# Problem to work on
Restate the listing exactly.

==============================

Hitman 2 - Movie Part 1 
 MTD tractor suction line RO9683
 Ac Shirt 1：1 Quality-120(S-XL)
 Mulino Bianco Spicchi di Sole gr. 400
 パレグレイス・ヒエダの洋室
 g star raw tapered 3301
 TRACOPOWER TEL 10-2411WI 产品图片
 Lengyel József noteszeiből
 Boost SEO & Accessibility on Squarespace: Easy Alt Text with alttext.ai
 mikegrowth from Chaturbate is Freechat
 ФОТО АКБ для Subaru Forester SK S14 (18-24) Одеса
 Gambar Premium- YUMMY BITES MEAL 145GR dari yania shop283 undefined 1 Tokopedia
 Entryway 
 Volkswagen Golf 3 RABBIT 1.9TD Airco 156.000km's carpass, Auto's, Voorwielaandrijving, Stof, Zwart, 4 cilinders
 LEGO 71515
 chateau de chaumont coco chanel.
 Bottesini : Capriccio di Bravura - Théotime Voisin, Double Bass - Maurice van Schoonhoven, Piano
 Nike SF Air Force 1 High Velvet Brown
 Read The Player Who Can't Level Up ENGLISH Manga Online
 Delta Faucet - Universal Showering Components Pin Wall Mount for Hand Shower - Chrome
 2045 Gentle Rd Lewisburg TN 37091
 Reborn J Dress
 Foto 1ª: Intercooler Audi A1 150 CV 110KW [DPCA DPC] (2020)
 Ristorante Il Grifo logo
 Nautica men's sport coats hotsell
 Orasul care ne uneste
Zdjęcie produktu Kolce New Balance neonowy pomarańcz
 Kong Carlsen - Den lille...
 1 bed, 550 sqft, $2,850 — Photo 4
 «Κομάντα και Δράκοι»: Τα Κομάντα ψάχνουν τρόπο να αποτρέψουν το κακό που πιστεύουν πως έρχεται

==============================

# Exercise answer
Hitman 2 - Movie Part 1 
 MTD tractor suction line RO9683
 Ac Shirt 1：1 Quality-120(S-XL)
 Mulino Bianco Spicchi di Sole gr. 400
 パレグレイス・ヒエダの洋室
 g star raw tapered 3301
 TRACOPOWER TEL 10-2411WI 产品图片
 Lengyel József noteszeiből
 Boost SEO & Accessibility on Squarespace: Easy Alt Text with alttext.ai
 mikegrowth from Chaturbate is Freechat
 ФОТО АКБ для Subaru Forester SK S14 (18-24) Одеса
 Gambar Premium- YUMMY BITES MEAL 145GR dari yania shop283 undefined 1 Tokopedia
 Entryway 
 Volkswagen Golf 3 RABBIT 1.9TD Airco 156.000km's carpass, Auto's, Voorwielaandrijving, Stof, Zwart, 4 cilinders
 LEGO 71515
 chateau de chaumont coco chanel.
 Bottesini : Capriccio di Bravura - Théotime Voisin, Double Bass - Maurice van Schoonhoven, Piano
 Nike SF Air Force 1 High Velvet Brown
 Read The Player Who Can't Level Up ENGLISH Manga Online
 Delta Faucet - Universal Showering Components Pin Wall Mount for Hand Shower - Chrome
 2045 Gentle Rd Lewisburg TN 37091
 Reborn J Dress
 Foto 1ª: Intercooler Audi A1 150 CV 110KW [DPCA DPC] (2020)
 Ristorante Il Grifo logo
 Nautica men's sport coats hotsell
 Orasul care ne uneste
Zdjęcie produktu Kolce New Balance neonowy pomarańcz
 Kong Carlsen - Den lille...
 1 bed, 550 sqft, $2,850 — Photo 4
 «Κομάντα και Δράκοι»: Τα Κομάντα ψάχνουν τρόπο να αποτρέψουν το κακό που πιστεύουν πως έρχεται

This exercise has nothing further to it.